Das Innen- sowie Außendesign ist sehr eigenwillig designt worden. Man sieht die moderne Designsprache, wie sie auch in anderen Toyotas zu finden ist, zum Beispiel beim neuen Prius. Dennoch wirkt er vertraut und von außen wirklich nicht schlecht. Innen spiegelt sich etwas völlig anderes wider, ein ausreichend großer Infotainment-Screen steckt in der Mitte über der sehr breiten Mittelkonsole.
Hierüber hat man Zugriff auf eine sehr gute Navigation (leider ohne Ladeplanung) und ein sonst sehr flüssiges User Interface. Das neue OS teilt sich Toyota wohl mit Subaru und Suzuki. Dort haben wir ähnliche Displays mit der gleichen Software gefunden.
Ausgestattet ist der bZ4X außerdem mit zahlreichen Assistenzsystemen wie ACC und einem Lenkassistenten sowie Totwinkelwarnung und vielen mehr. Preislich startet der bZ4X bei 47.490,00 Euro (inkl. 19 % MwSt.)
Innenraum: Viel Plastik und Klavierlack
Der Innenraum vom bZ4X wirkt nicht wirklich hochwertig. Am ehesten zu vergleichen wäre er mit dem Volkswagen ID.3 Vorfacelift. Übermäßig viel Klavierlack in den Türen und in der Mittelkonsole, wo man sehr oft hinfasst. Dafür gibt es kein Knarzen. Eine wollartige Struktur erstreckt sich über das gesamte Dashboard. Das Cockpit beim Fahrer sieht nicht nur auf den ersten Blick sehr besonders aus. Man muss sich schon etwas an dieses „Pilotencockpit“ gewöhnen.
Da das Driverdisplay so sitzt, dass man eigentlich keins benötigt, gibt es auch kein Head-up-Display für den Fahrer. Das kleine Lenkrad lässt sich sehr gut fassen und es macht wirklich Spaß den bZ4X damit zu steuern. Etwas beengt fühlt man sich beim Fahren, da die massiv breite Mittelkonsole viele Knöpfe und den großen Gangwahlschalter beherbergt. Ein klassisches Handschuhfach fällt weg, dafür hat man wie bei vielen Elektroautos, mit hoher Mittelkonsole, eine große Ablagefläche unten drunter.
Die USB-Anschlüsse in der Mittelkonsole sind vom Typ-C. Der Anschluss für kabelgebundenes Android Auto ist weiterhin der alte USB Typ A Stecker. In den zwei Wochen ist mir mehrmals die Verbindung mit Android Auto auf dem Infotainment abgebrochen. Der USB-Anschluss wirkte dabei nicht wirklich hochwertig und eher locker.
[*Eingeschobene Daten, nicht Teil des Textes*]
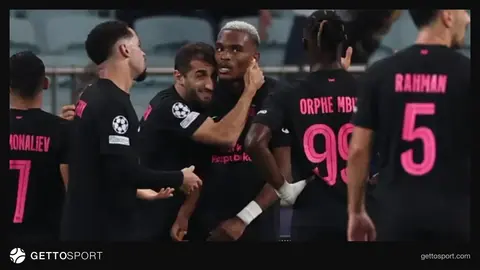 Sabah və Borussia Dortmund logoları və Bakı stadionu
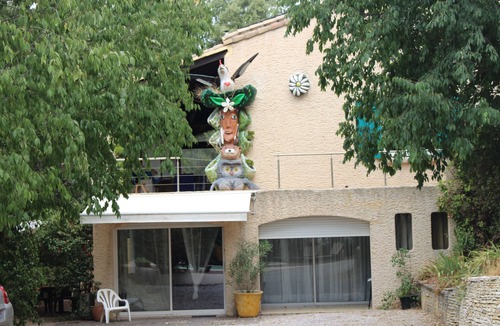 Saint-Gely-du-Fesc Villa | Large garden with swimming pool.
Infotainment: Modern & schnell
So kann man das neue System von Toyota, Subaru und auch Suzuki zusammenfassen. Da es sich hier wohl um dasselbe System handelt, kann man sich relativ kurzfassen. Android Auto geht nur per Kabel, Apple CarPlay geht kabellos. Wie oben schon angesprochen brach trotz Kabelverbindung Android Auto ohne Vorwarnung des Öfteren in unserem Testzeitraum ab und ließ sich auch nur per erneuten Anstecken wieder starten.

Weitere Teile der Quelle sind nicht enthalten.